▶ **What you are asked to do**
Set down exactly the lines in the records below that run from the line with "Лунный календарь комнатных" to the line with "Mère et fille", inclusive, and nothing more.

▶ **Input records**
BEGIN

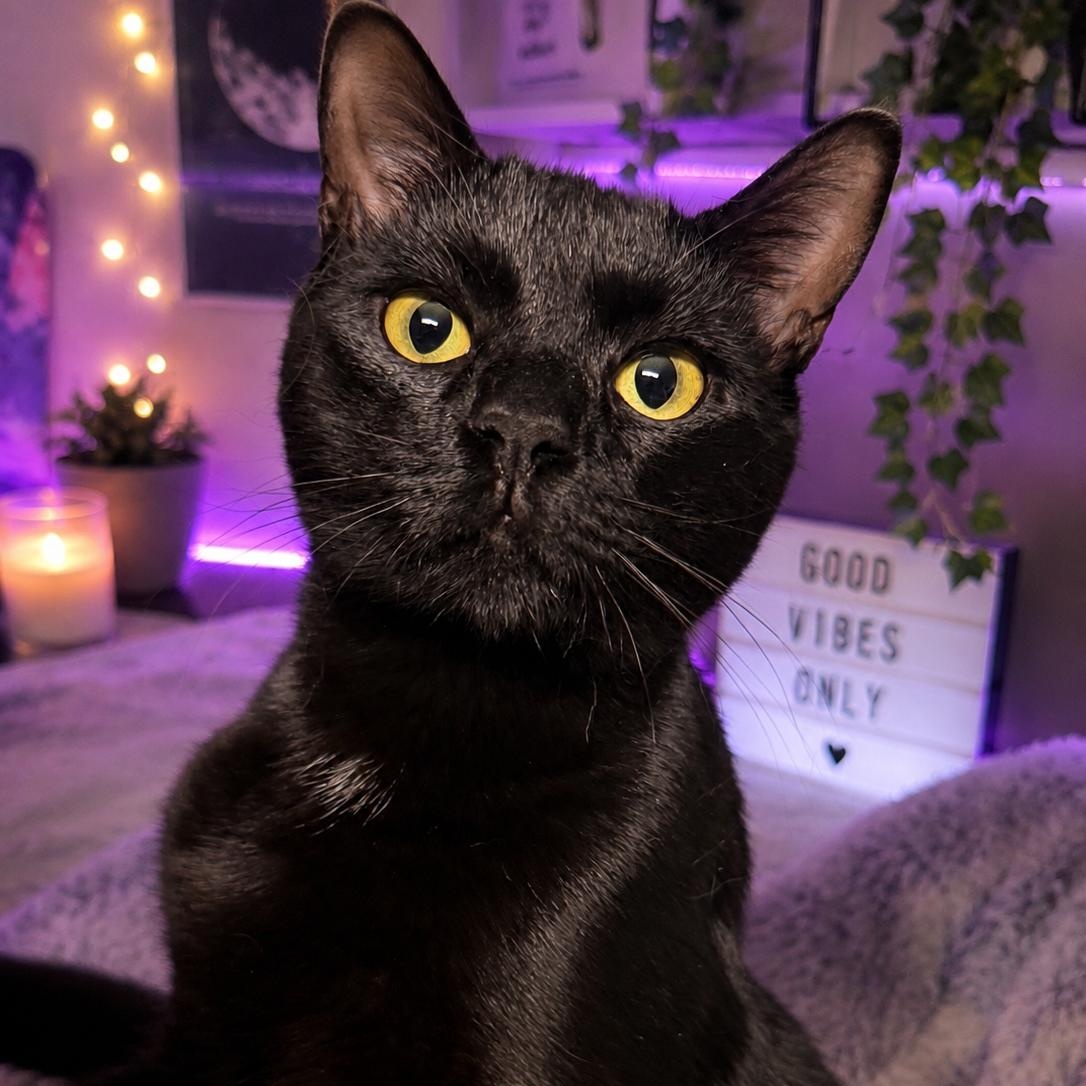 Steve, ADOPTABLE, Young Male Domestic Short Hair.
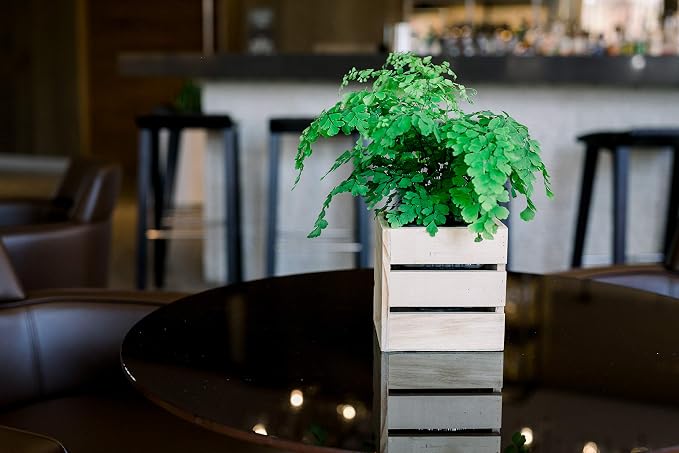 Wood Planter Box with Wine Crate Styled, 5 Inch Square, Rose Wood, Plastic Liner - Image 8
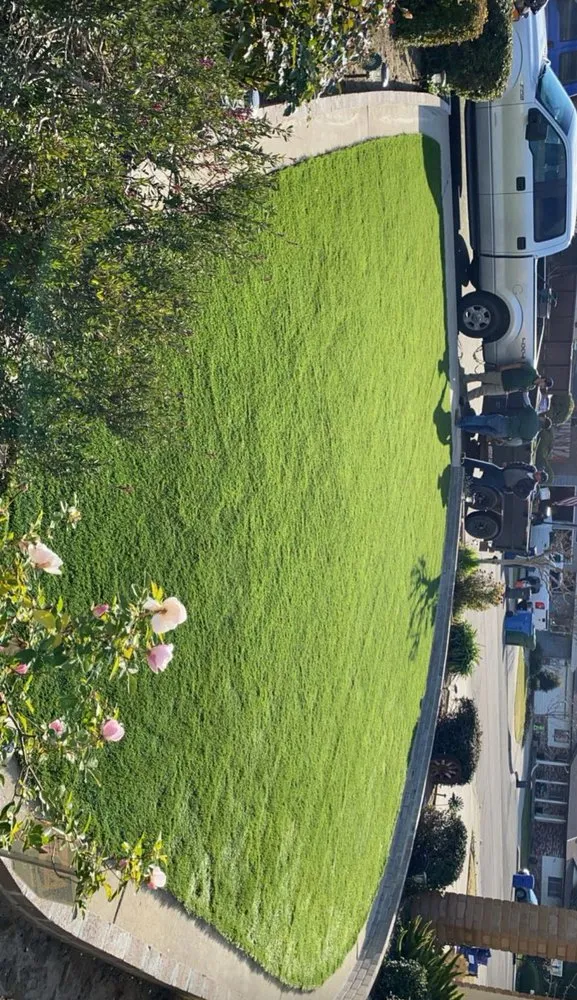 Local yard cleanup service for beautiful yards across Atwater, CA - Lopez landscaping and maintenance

END
BEGIN

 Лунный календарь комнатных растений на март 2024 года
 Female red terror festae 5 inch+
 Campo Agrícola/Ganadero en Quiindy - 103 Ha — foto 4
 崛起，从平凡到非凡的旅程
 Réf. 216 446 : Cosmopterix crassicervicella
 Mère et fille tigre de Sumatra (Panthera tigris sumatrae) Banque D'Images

END

▶ **Answer below**
 Лунный календарь комнатных растений на март 2024 года
 Female red terror festae 5 inch+
 Campo Agrícola/Ganadero en Quiindy - 103 Ha — foto 4
 崛起，从平凡到非凡的旅程
 Réf. 216 446 : Cosmopterix crassicervicella
 Mère et fille tigre de Sumatra (Panthera tigris sumatrae) Banque D'Images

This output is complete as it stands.